# [What you need to do]
Pictures are to be dropped. Everything else in the listing gets copied exactly.

# [Information supplied]

┌────────

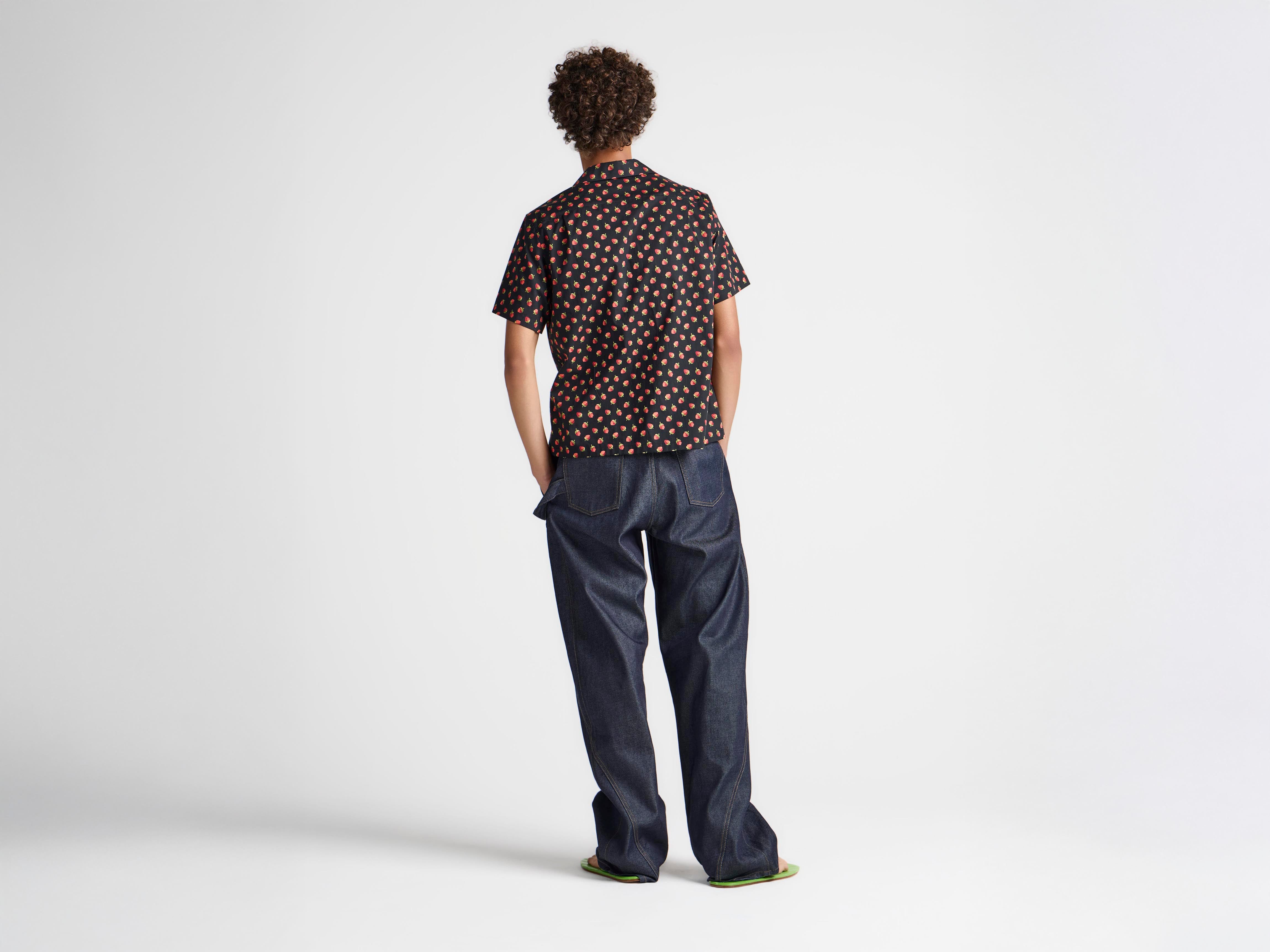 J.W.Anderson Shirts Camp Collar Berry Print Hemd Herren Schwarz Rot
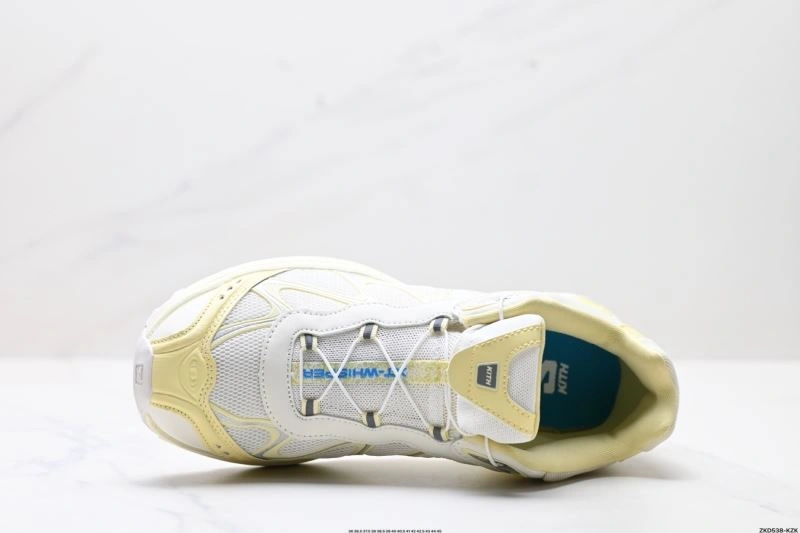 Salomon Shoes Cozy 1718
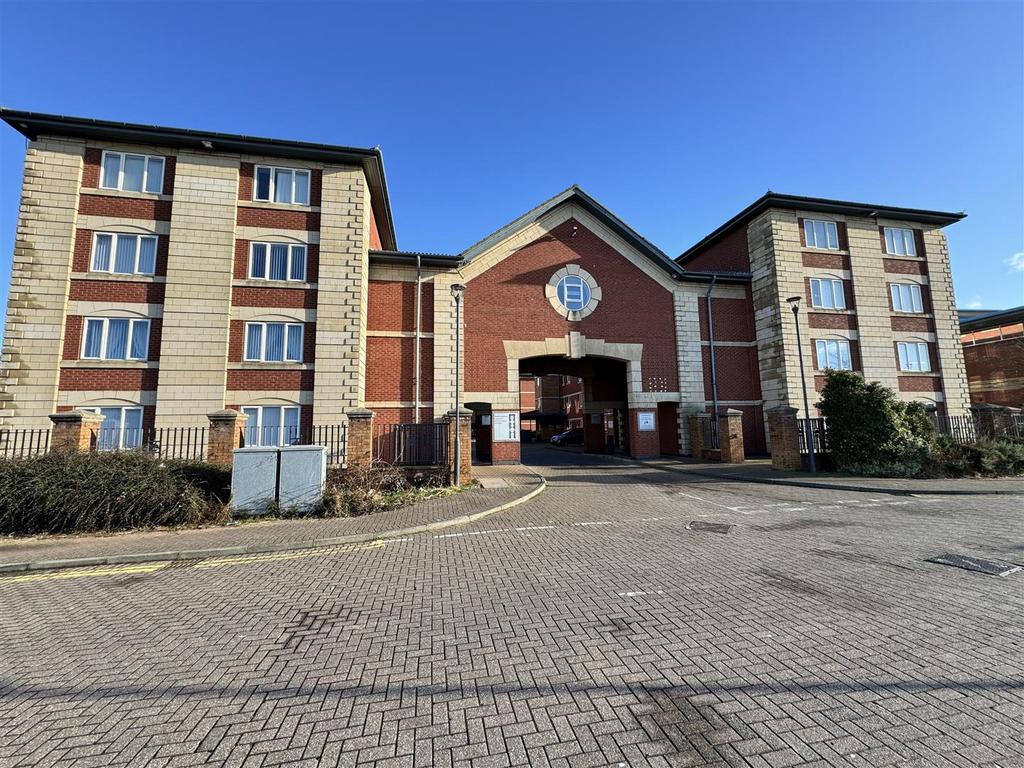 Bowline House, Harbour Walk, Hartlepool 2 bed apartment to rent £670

└────────

# [Written response]
 J.W.Anderson Shirts Camp Collar Berry Print Hemd Herren Schwarz Rot
 Salomon Shoes Cozy 1718
 Bowline House, Harbour Walk, Hartlepool 2 bed apartment to rent £670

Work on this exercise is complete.